How to do it?:
Open the Rmarkdown file of this assignment (link) in Rstudio.
Right under each question, insert a code chunk (you can use the hotkey Ctrl + Alt + I
to add a code chunk) and code the solution for the question.
Knit
the rmarkdown file (hotkey: Ctrl + Alt + K
) to export an html.
Publish the html file to your Githiub Page.
Submission: Submit the link on Github of the assignment to Canvas
Use the Adult Census Income
dataset. We will predict the income (whether or not it is more than 50k or not) of an adult. Import the dataset. Partition the data into 80% training and 20% testing.
Practice Decision Tree. Do the follows:
Use rpart
package, create a decision tree with maximum depth of 3.

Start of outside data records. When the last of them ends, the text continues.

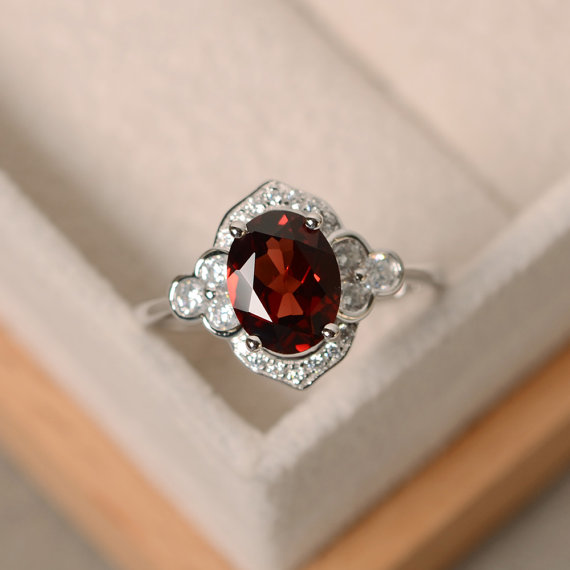 Oval Garnet Ring, Engagement Ring,sterling Silver, January Birthstone Ring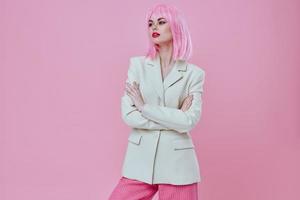 Beauty Fashion woman attractive look white blazer pink wig pink background unaltered photo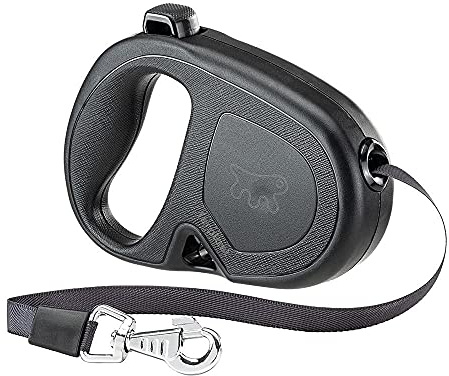 Ferplast Guinzaglio per Cani Allungabile FLIPPY ONE, Guinzaglio per Cani Taglia Media fino a 25 Kg. Fettuccia Allungabile max 5 m. Unico Pulsante per Blocco e Rilascio, Nero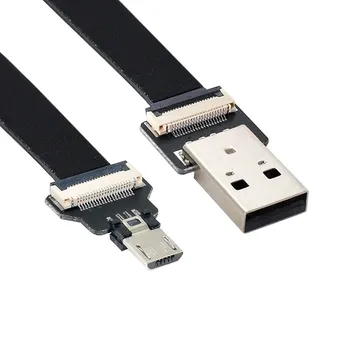 USB 2.0 Type-A Мъжки към Micro USB 5Pin Съединители за трансфер на данни Плосък Тънък Кабел за спк стартира строителни FPV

Calculate the accuracy of the model on the testing data. Notice that the positive outcome here is not 1
but >50K
or <50K
.
Plot the tree
Plot the variable importance by the tree
Create 3 more trees and compare the testing accuracy of these trees, which tree give the highest testing accuracy.
Practice Random Forest. Do the follows:
Use randomForest
package, create a random forest of 1000 trees.
Calculate the accuracy of the model on the testing data.
Plot the variable importance by the forest
Create 3 more forests and compare the testing accuracy of these forests, which forest give the highest testing accuracy.
What is the best model (in term of testing accuracy) among all models (including trees and forests) you have trained?